**** Records provided

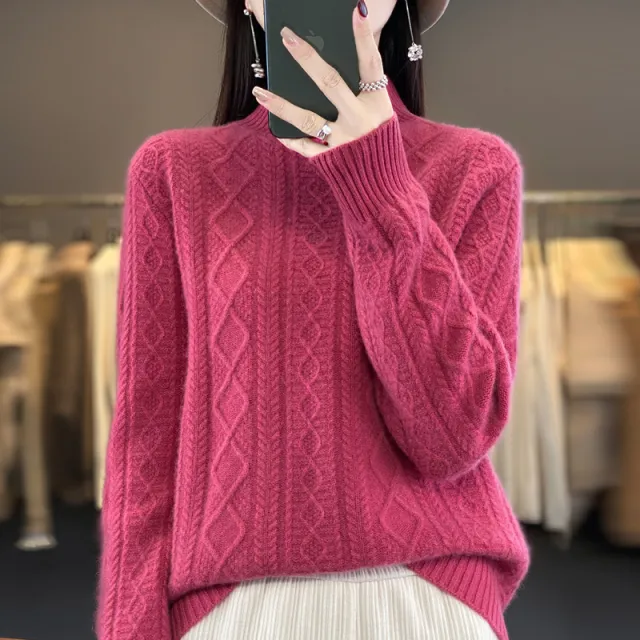 Autumn And Winter Thickening Half Turtleneck Cable knit Sweater Sweater Raspberry Red - Shop at LoveMi
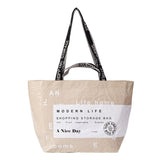 Eco Friendly Large Capacity Folding Shopping Bag Beige - Large Beige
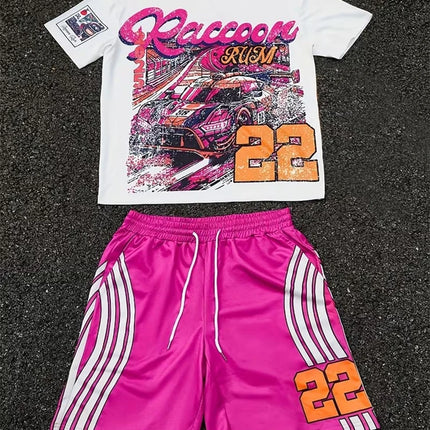 Spring And Summer American Trend 3D Printed Skull Men's Round-neck Top And Shorts, Hip-hop Style Trendy And Cool 2pcs Set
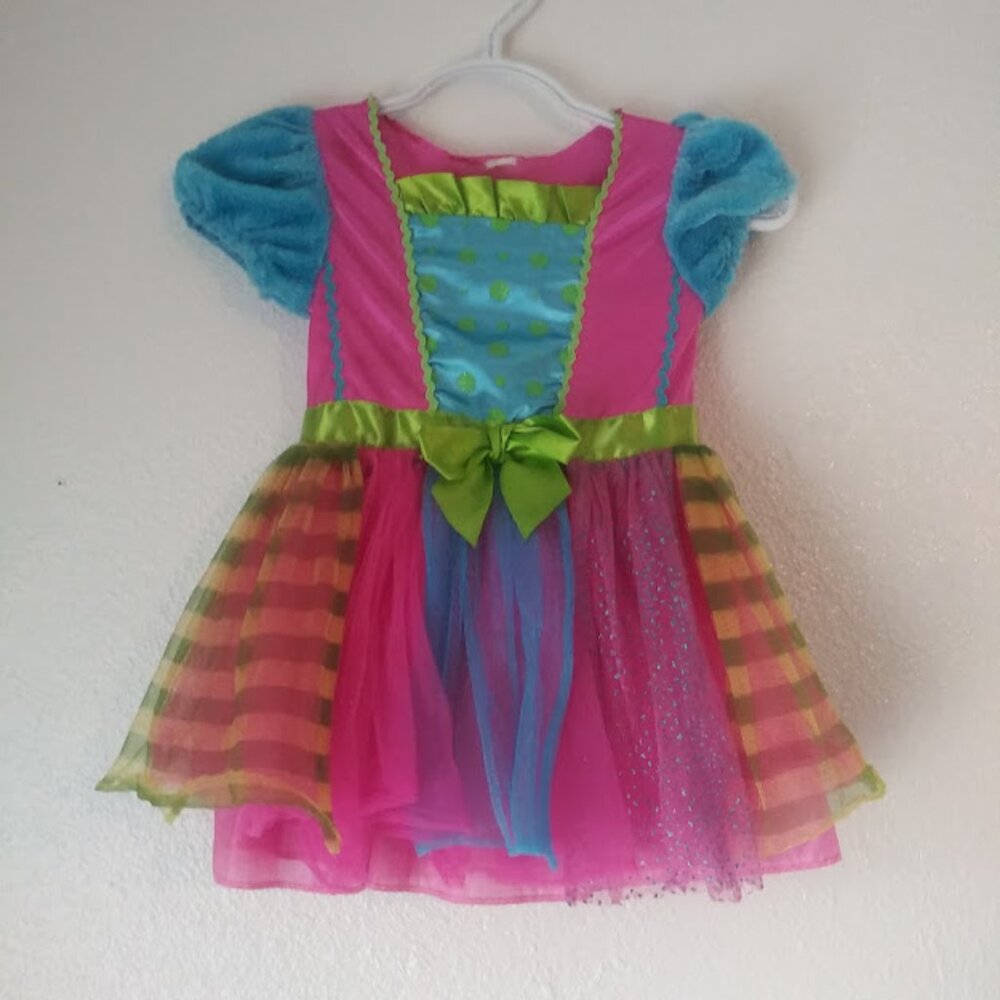 Little Monster girls size XS (0-2) pink, yellow, green blue dress costume
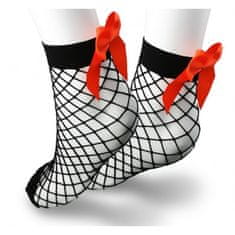 Flamenco Mystique Mrežaste nogavice z oranžnim蝴蝶, zelo elastične, univerzalna velikost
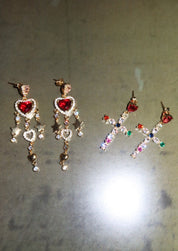 Amanne Red Heart Stars Golden Earrings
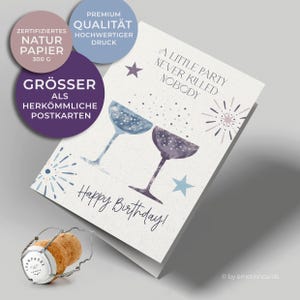 Biglietto di compleanno (biglietto pieghevole) | Buon compleanno | Una piccola festa non ha mai ucciso nessuno | Incl. copertura | Mappa grande (115 x 170 mm) | acquerello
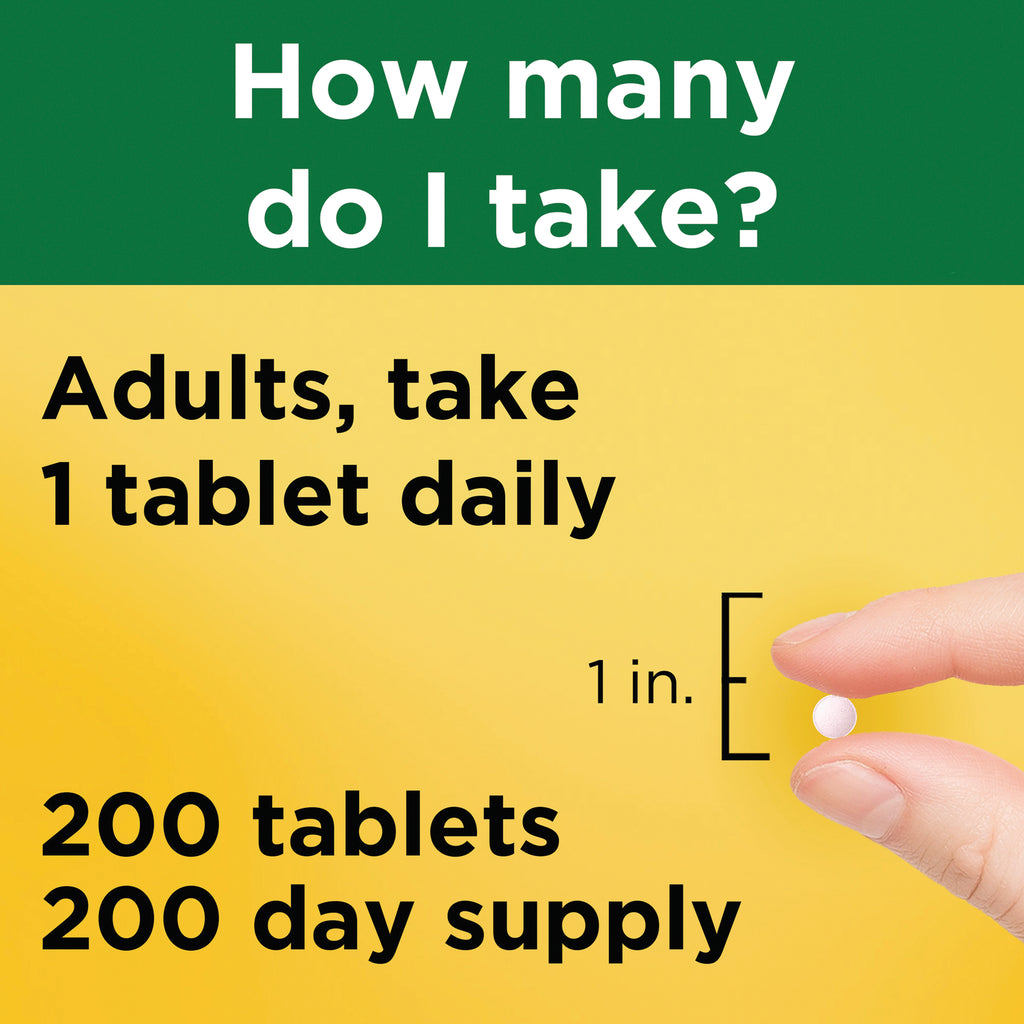NTM174 | Instruction panel: Adults, take 1 tablet daily; hand holding small round tablet with 1 in. scale and 200 tablets 200 day supply - Thumbnail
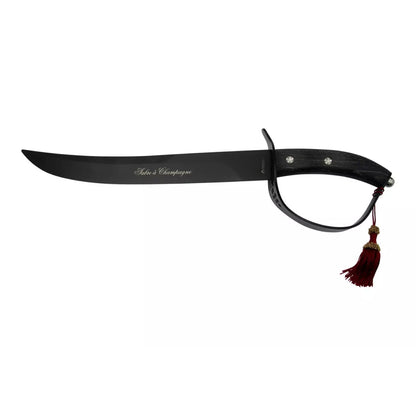 Maserin Champagnersäbel BLACK (Edelstahl mit Eichenholzgriff)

********

> What you have to do
Without the pictures, restate all the entries above exactly.

> Response
 Autumn And Winter Thickening Half Turtleneck Cable knit Sweater Sweater Raspberry Red - Shop at LoveMi
 Eco Friendly Large Capacity Folding Shopping Bag Beige - Large Beige
 Spring And Summer American Trend 3D Printed Skull Men's Round-neck Top And Shorts, Hip-hop Style Trendy And Cool 2pcs Set
 Little Monster girls size XS (0-2) pink, yellow, green blue dress costume
 Flamenco Mystique Mrežaste nogavice z oranžnim蝴蝶, zelo elastične, univerzalna velikost
 Amanne Red Heart Stars Golden Earrings
 Biglietto di compleanno (biglietto pieghevole) | Buon compleanno | Una piccola festa non ha mai ucciso nessuno | Incl. copertura | Mappa grande (115 x 170 mm) | acquerello
NTM174 | Instruction panel: Adults, take 1 tablet daily; hand holding small round tablet with 1 in. scale and 200 tablets 200 day supply - Thumbnail
 Maserin Champagnersäbel BLACK (Edelstahl mit Eichenholzgriff)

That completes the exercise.